Level posts and cut the tops
- For every section, measure down the drop, which you measured in the prior step. At this point, tie a line at that spot.
- Tie the other end of the string to the next post and level the line. Where it crosses the second post will then be the top of that post.
- Mark the top of the post, then move down the line down by the drop with every section, then to the third post and level it. Mark it as before.
- Just make your way down the slope or hill, penciling the top, measuring the drop, and then stretching an equal, level line until the end of the fence.
- Cut off the tops of the posts where you marked them.
Measure for the rails
In order for your stepped fence to be aesthetically pleasing, the posts should be following the slope of the ground even though the pickets will stand level.
- Use the mason line and tie it to the first post, per your drop measurement.
- String the line to the next post while making sure the line is level.
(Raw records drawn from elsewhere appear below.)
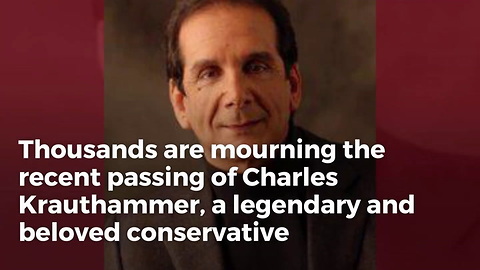 The Incredible Letter Charles Krauthammer Sent A Recently Paralyzed Man Shows What Kind Of Person He Was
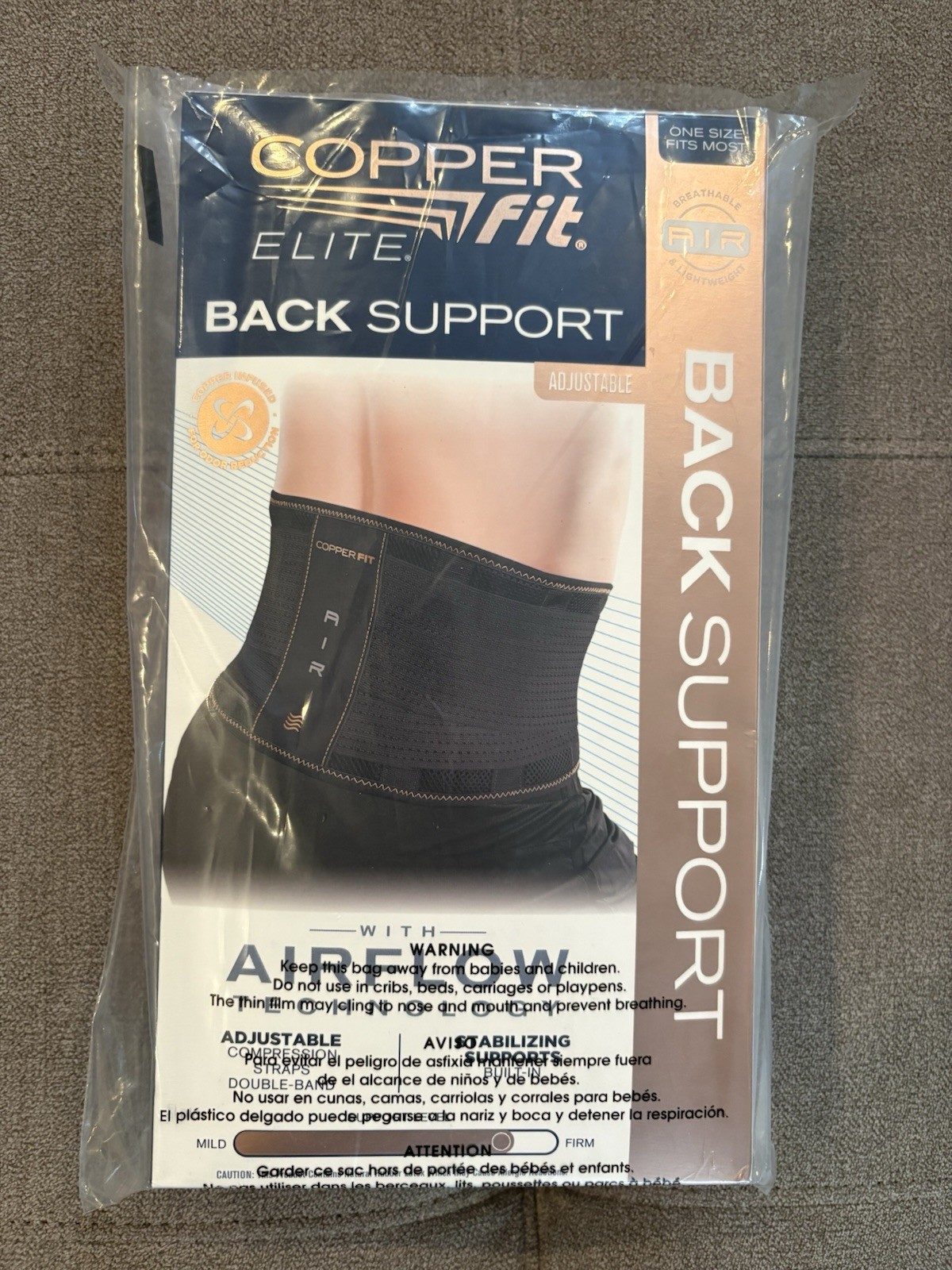 Cooper Fit Elite Back Support with Air Flow Adjustable Compression Straps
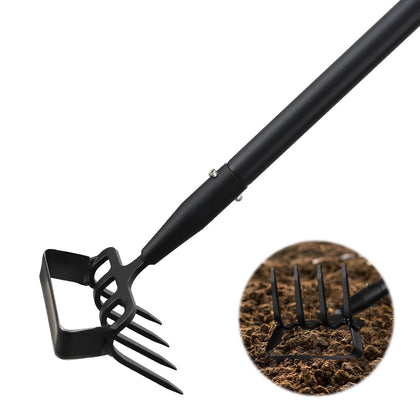 JAOTREL 2-in-1 garden hoe assembly enables quick setup for ready gardening.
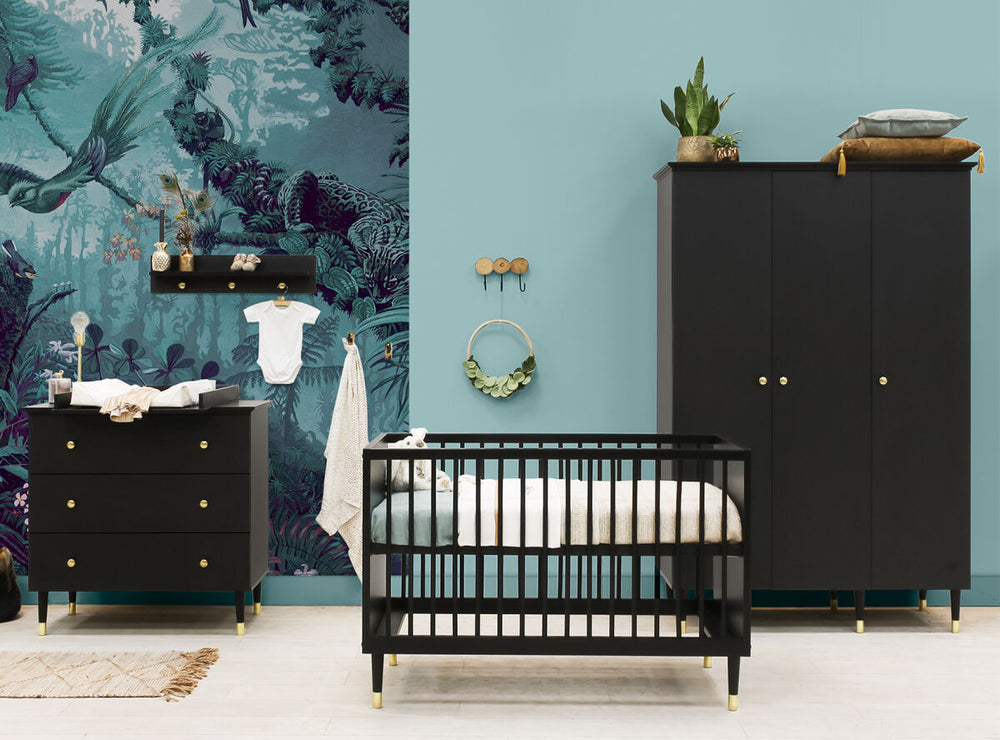 Cloë Cot Matt Black 120 x 60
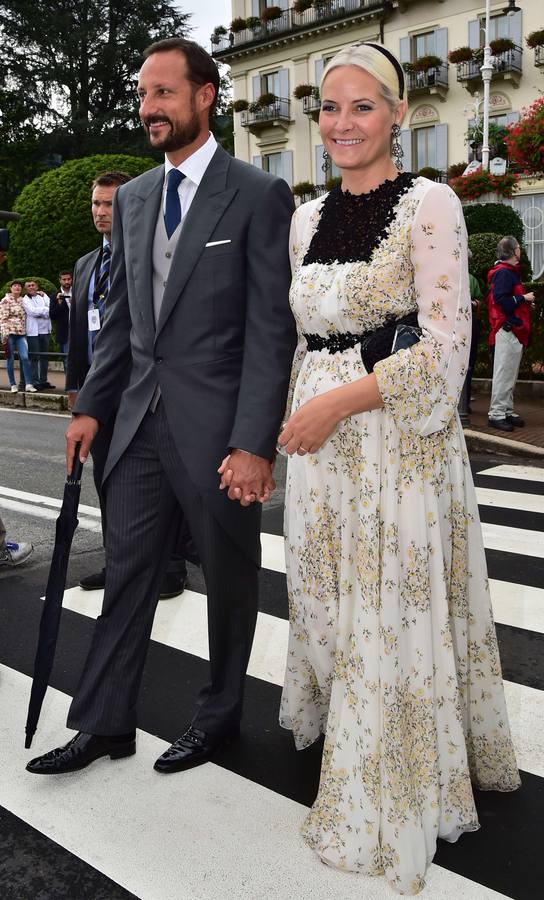 Entre los invitados figuraban Haakon y Mette-Marit de Noruega.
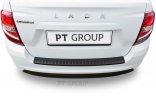 Накладка на задний бампер (ABS) LADA Granta FL Седан  с 2018 PT Group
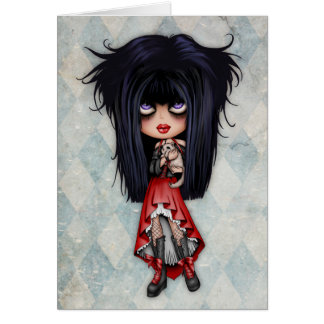 Emo kattungekort hälsningskort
Mark the spot where the line connects to that post. That line you just made is the top of the second post. Cut off the top of the second post at that mark.
- Repeat that process with the second and third posts, and so on down the fence.
Attach the rails and pickets
Fastening the rails and pickets should be pretty standard at this point.
- Tie a mason line to mark the spacing between the two posts for the top rail. For most instances, this measurement is typically seven or eight inches from the top, but much of it depends on the design.
- Stabilize the level rail between the two posts with the appropriately-sized masonry screws.
- Fix your pickets between the two posts with brad nails. Again, they will be positioned side-by-side, so the tops and bottoms will line up precisely.